No. 11 – CS Dinamo București
- Position: Power forward/center
- League: Liga Națională

Personal information
- Born: 16 February 2003 (age 22) Bucharest, Romania
- Nationality: Romanian
- Listed height: 6 ft 7 in (2.01 m)

Career information
- Playing career: 2018–present

Career history
- 2018–2019: CS Dinamo București
- 2019–2022: U-BT Cluj-Napoca
- 2022–present: CS Dinamo București

Career highlights
- 2x Romanian League champion (2021, 2022); 1× Most Valuable Player Romanian National U-20 Tournament (2022);

= Ștefan Grasu =

Romanian basketball player

Ștefan Grasu is a Romanian professional basketball player for Dinamo București of the Liga Națională.

==Early life==
Ștefan was born to Nicoleta and Costel Grasu, both discus throwers for Romania at the Summer Olympics.

He went to school in Vatra Luminoasă (Northeast Bucharest).

When he was 9 years old, he was already a champion in his age group in discus throw. Yet, soon thereafter he started basketball.

==Club career==
At age 12, he scored 75 points in a youth game, an unmatched record in Romanian basketball.

As a youth player he was with CS Dinamo București. In 2019, he signed with U-BT Cluj-Napoca.

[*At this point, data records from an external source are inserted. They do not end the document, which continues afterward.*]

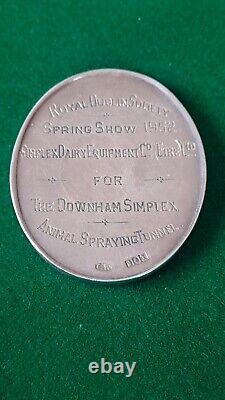 Royal Dublin Society Medal, 1952 Spingshow, Simplex Dairy Equipment, Irish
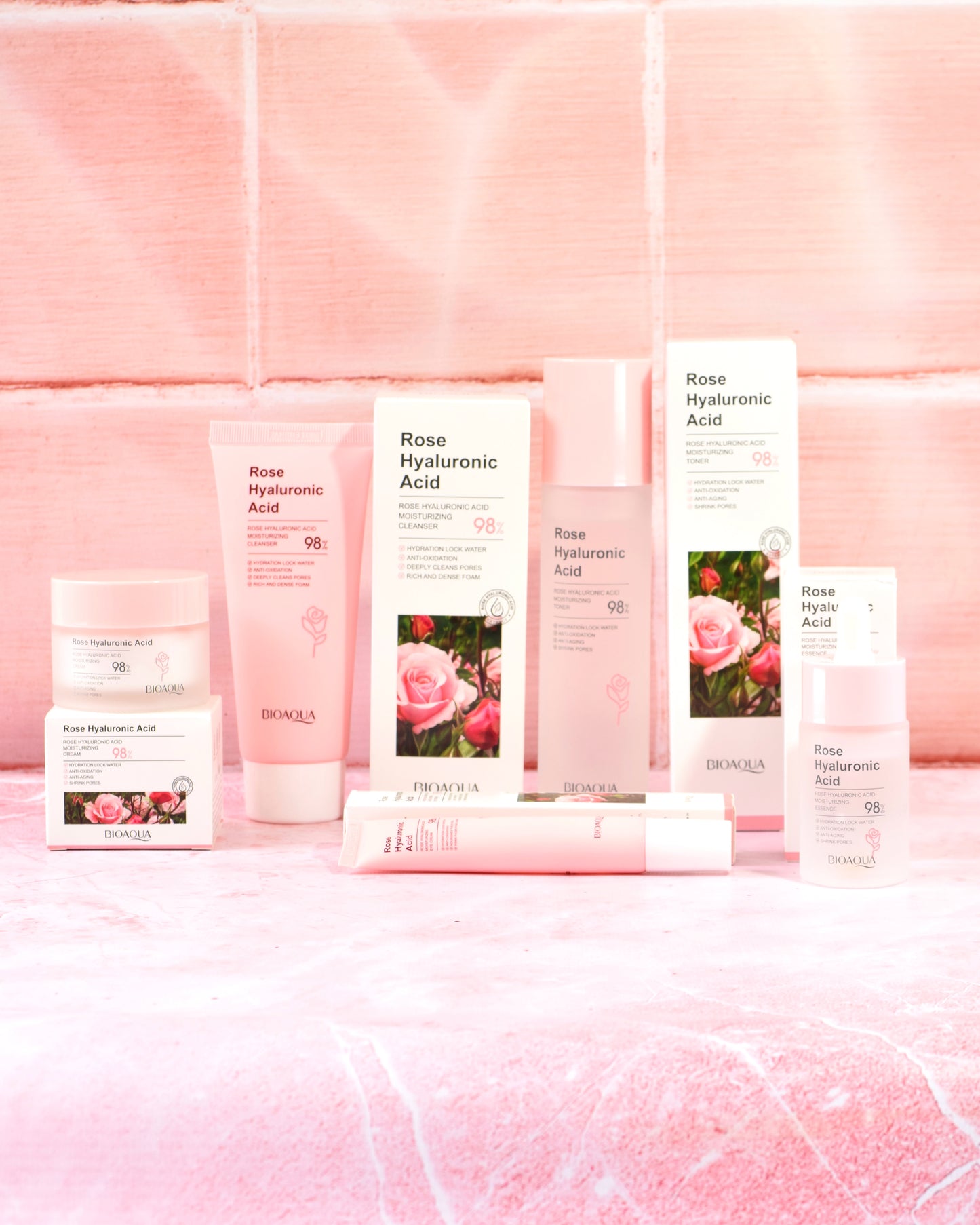 Kit Rosas con Ácido Hialurónico Bioaqua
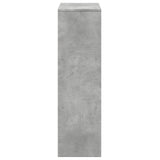 Room Divider Bookcase 3-Tier Concrete Grey 99x29x99 cm Engineered Wood 857961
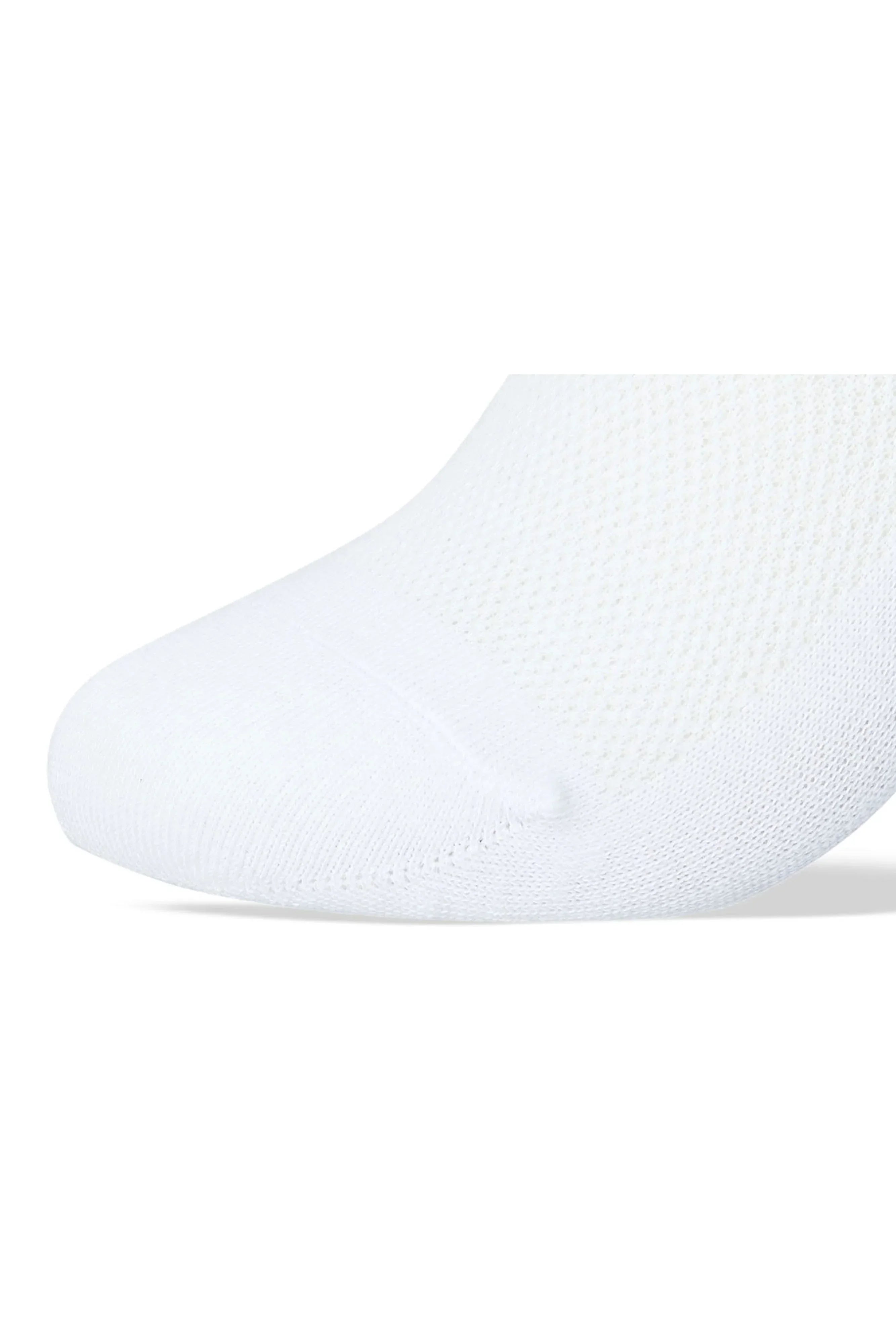 Men Set Of 3 No Show Nets Plain Socks White - Sam Socks - Babazzaro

In April 2022, Grasu played at the national U-20 tournament in the BTarena. He played alongside Toma Lungoci, Luca Colceag, David Lăpuște and Alexandu Pașca who all have capped for Cluj’s senior team.
U-BT Cluj-Napoca became the tournament champion after beating CS Dinamo București 88-76 in the final.
Ștefan Grasu was named MVP of the final match where he scored 31 points and recorded 15 rebounds.

==National team==
Stefan Grasu played for Romania's under-16 national team on several occasions.

==Player profile==
Ever since his childhood, Grasu was noticed not only for his immense size and wingspan but also for his shooting, dribbling and ball-handling ability.